• **REQUIRED ACTION**:
Would you print out all of the data exactly and keep the pictures out of it?

• **COLLECTED MATERIAL**:
Content starts
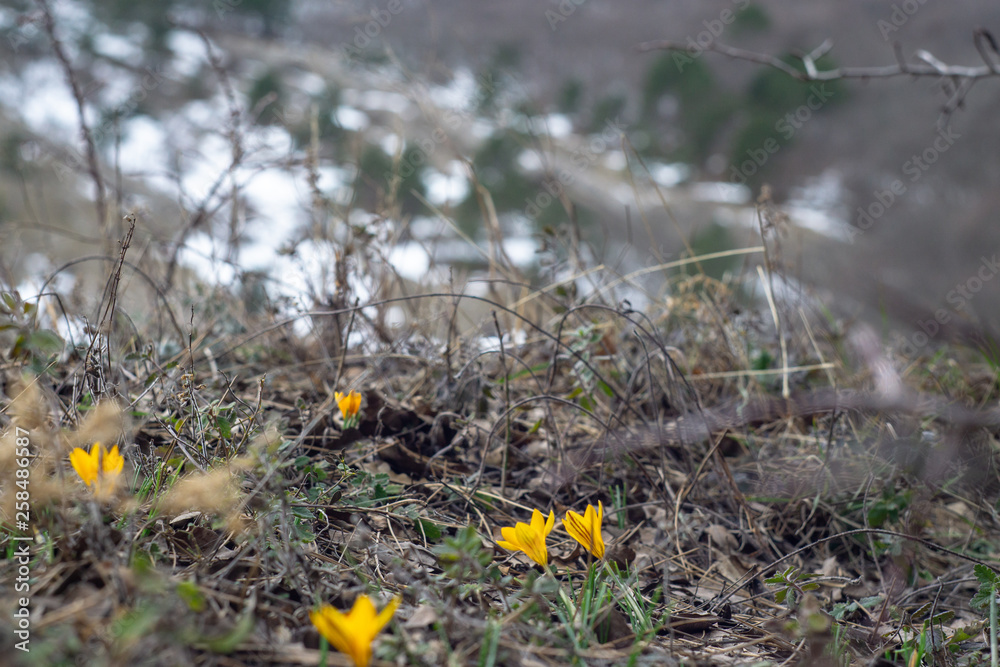 crocuses bloomed on mountain slopes crocuses bloomed on mountain slopes
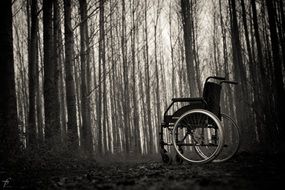 lonely wheelchair in the forest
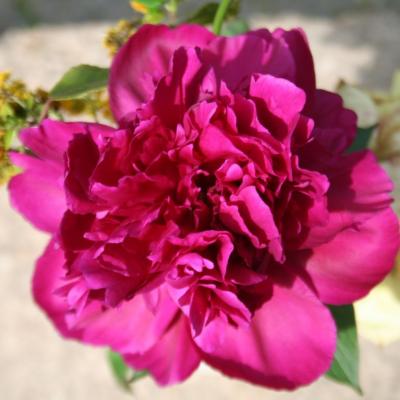 Paeonia lactiflora 'Fokker'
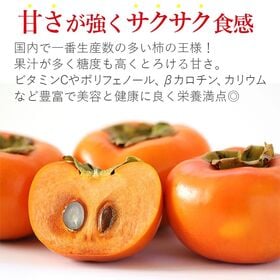 【予約受付】11/5~順次出荷【約3.5kg】《ご家庭用》大きさお任せ 富有柿　天蜜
Content ends
• **RESPONSE**:
 crocuses bloomed on mountain slopes crocuses bloomed on mountain slopes
 lonely wheelchair in the forest
 Paeonia lactiflora 'Fokker'
 【予約受付】11/5~順次出荷【約3.5kg】《ご家庭用》大きさお任せ 富有柿　天蜜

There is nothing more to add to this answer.